▶ TASK BRIEF
For this exercise, write out only the lines of the entries below from the one with "Kim Kardashian: cirugias" up to and including the one with "Диаскинтест &mdash; что", exactly as they are. Pictures stay out.

+++ LISTED RECORDS

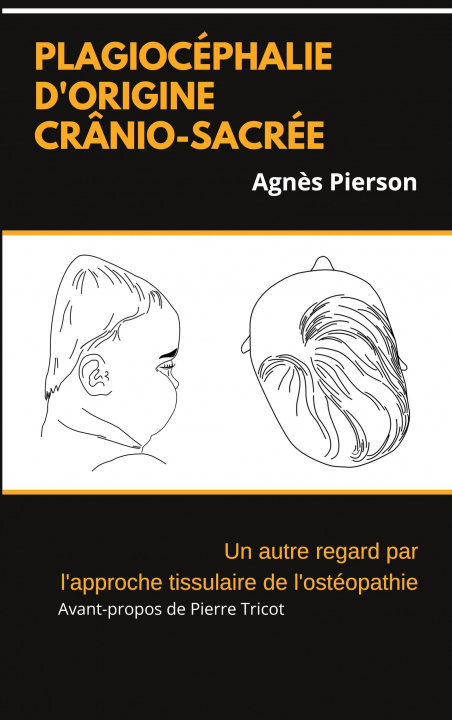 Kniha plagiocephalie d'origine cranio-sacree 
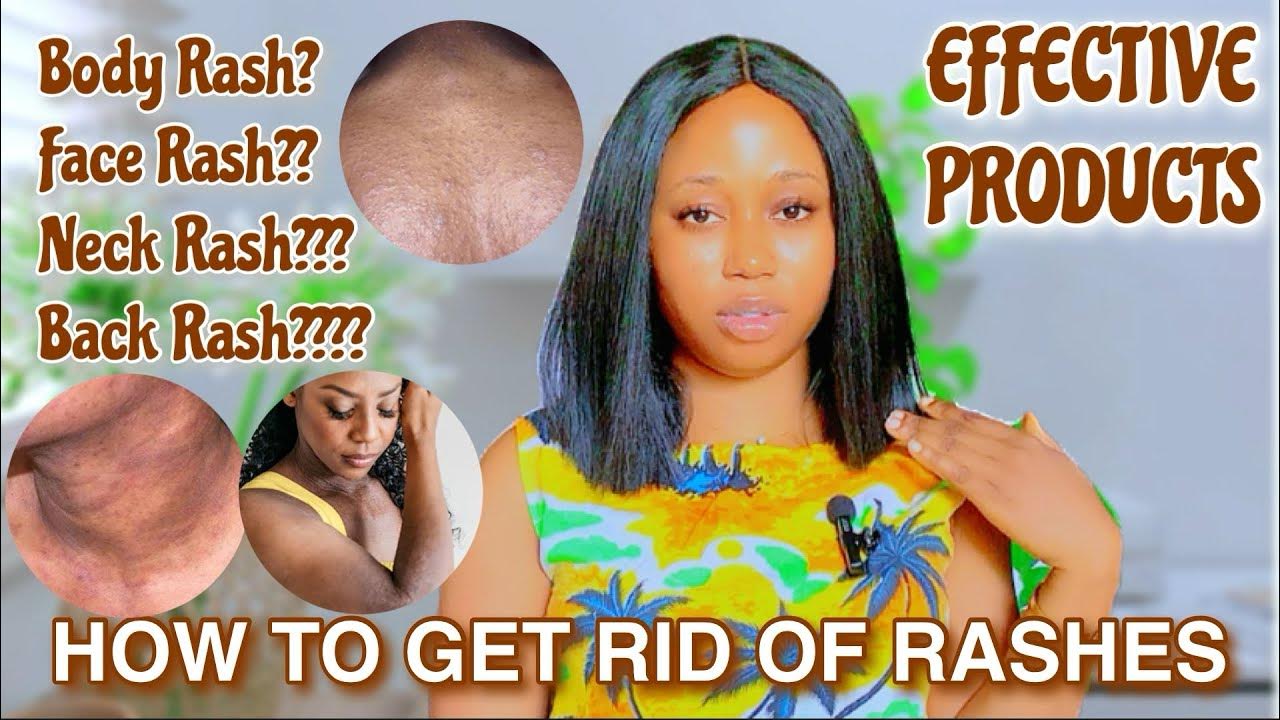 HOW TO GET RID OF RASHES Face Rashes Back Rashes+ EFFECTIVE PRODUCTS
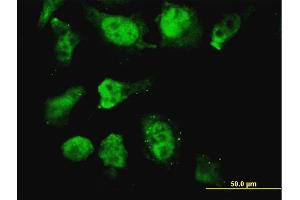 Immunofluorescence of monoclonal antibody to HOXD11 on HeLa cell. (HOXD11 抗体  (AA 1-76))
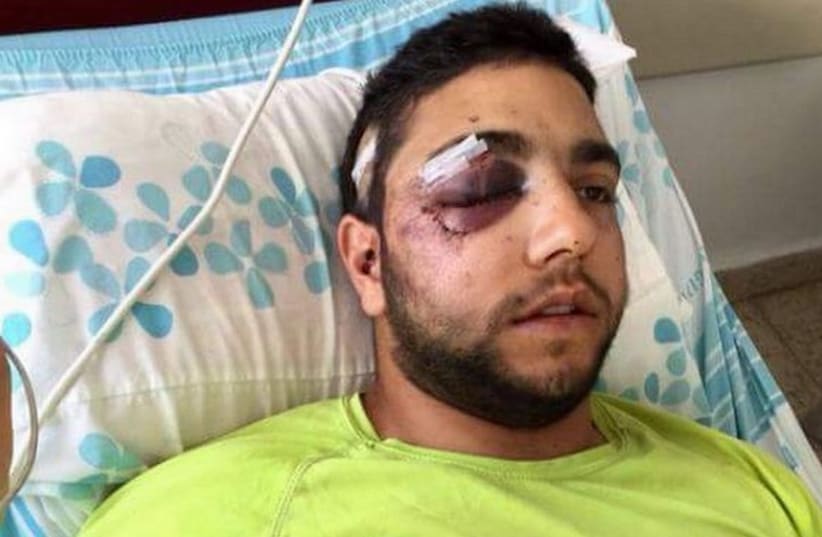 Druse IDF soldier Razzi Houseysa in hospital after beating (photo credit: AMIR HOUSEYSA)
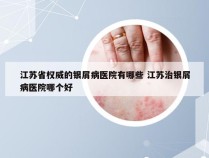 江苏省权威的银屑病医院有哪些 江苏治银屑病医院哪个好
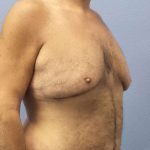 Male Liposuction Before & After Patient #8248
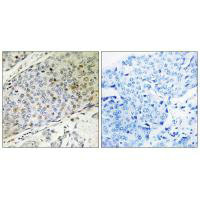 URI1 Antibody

++++++
+++ LISTED RECORDS

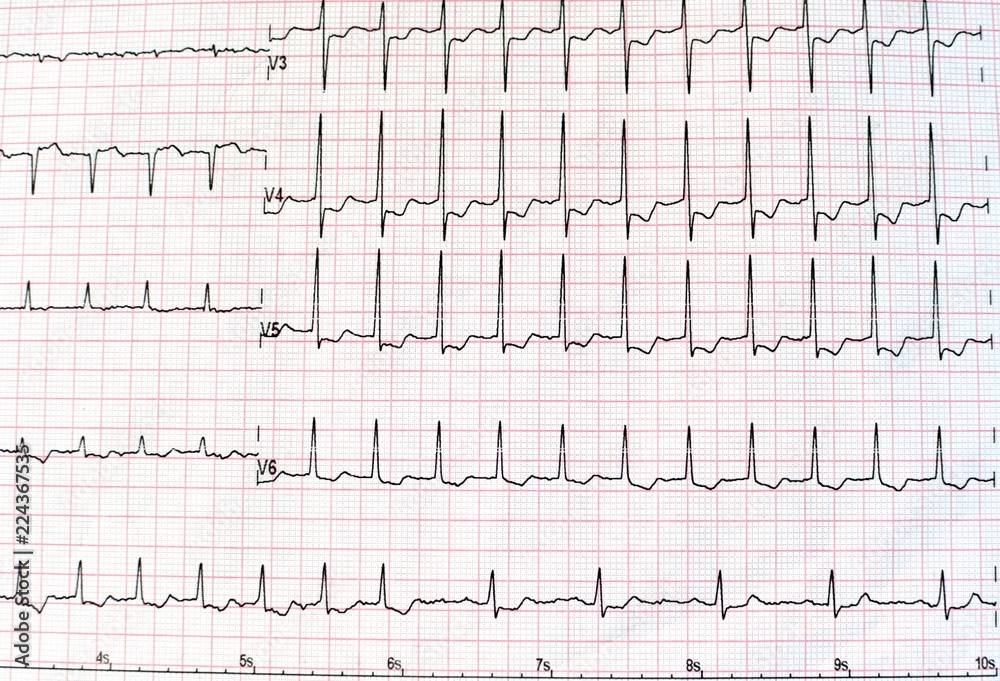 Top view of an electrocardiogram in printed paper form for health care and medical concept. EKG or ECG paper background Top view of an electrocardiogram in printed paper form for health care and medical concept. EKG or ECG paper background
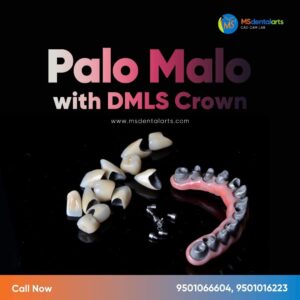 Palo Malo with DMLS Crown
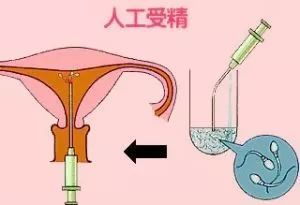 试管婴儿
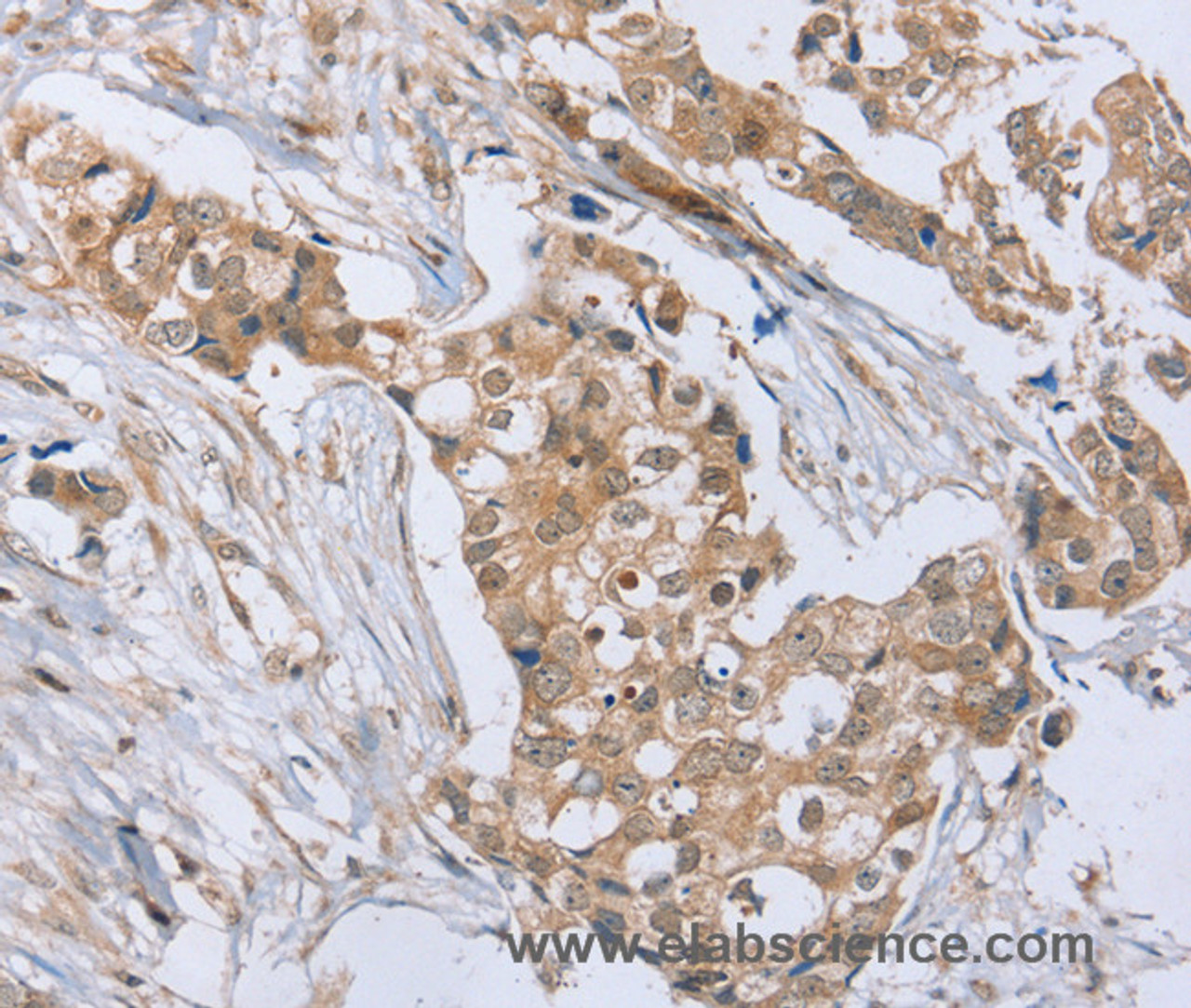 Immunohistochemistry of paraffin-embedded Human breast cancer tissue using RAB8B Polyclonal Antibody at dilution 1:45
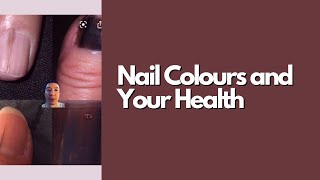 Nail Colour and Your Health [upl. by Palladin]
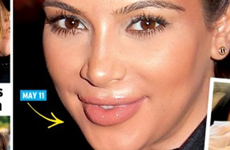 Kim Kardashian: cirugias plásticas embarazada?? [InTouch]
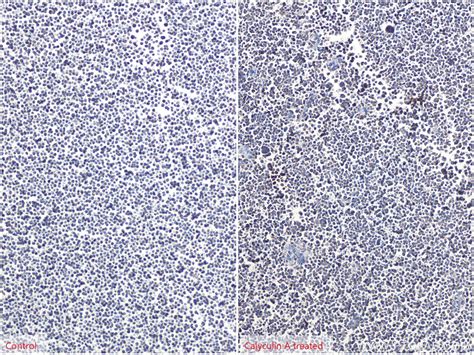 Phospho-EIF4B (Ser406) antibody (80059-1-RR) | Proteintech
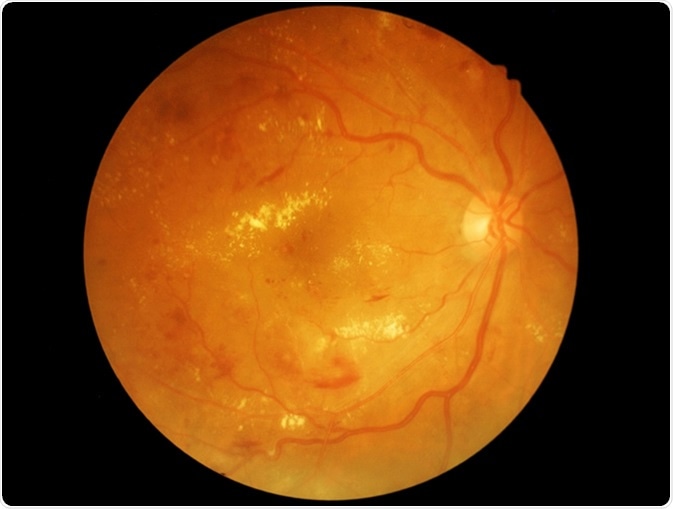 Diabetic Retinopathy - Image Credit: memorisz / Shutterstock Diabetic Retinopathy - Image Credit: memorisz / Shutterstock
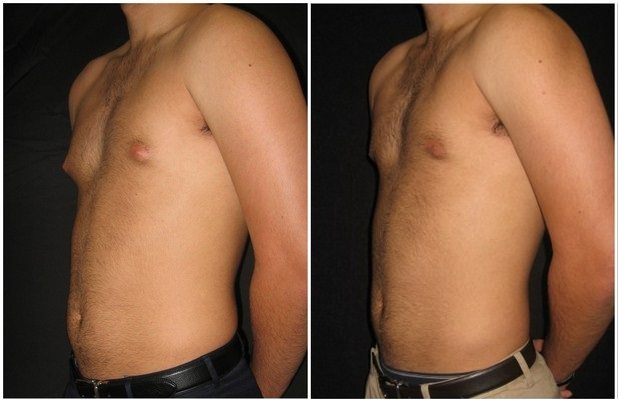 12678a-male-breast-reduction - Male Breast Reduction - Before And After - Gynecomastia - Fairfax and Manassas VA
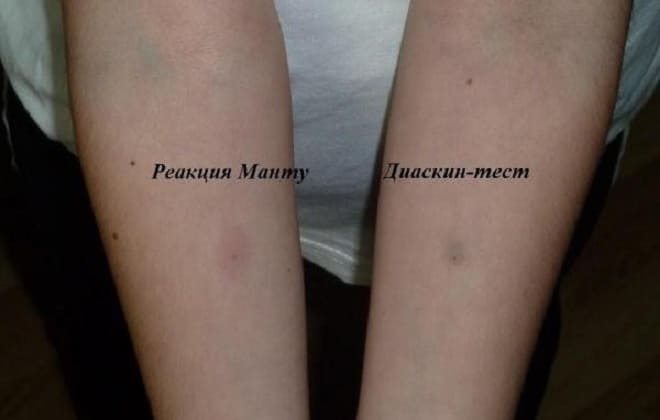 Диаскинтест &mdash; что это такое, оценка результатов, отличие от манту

++++++

▶ EXERCISE RESULT
 Kim Kardashian: cirugias plásticas embarazada?? [InTouch]
 Phospho-EIF4B (Ser406) antibody (80059-1-RR) | Proteintech
 Diabetic Retinopathy - Image Credit: memorisz / Shutterstock Diabetic Retinopathy - Image Credit: memorisz / Shutterstock
 12678a-male-breast-reduction - Male Breast Reduction - Before And After - Gynecomastia - Fairfax and Manassas VA
 Диаскинтест &mdash; что это такое, оценка результатов, отличие от манту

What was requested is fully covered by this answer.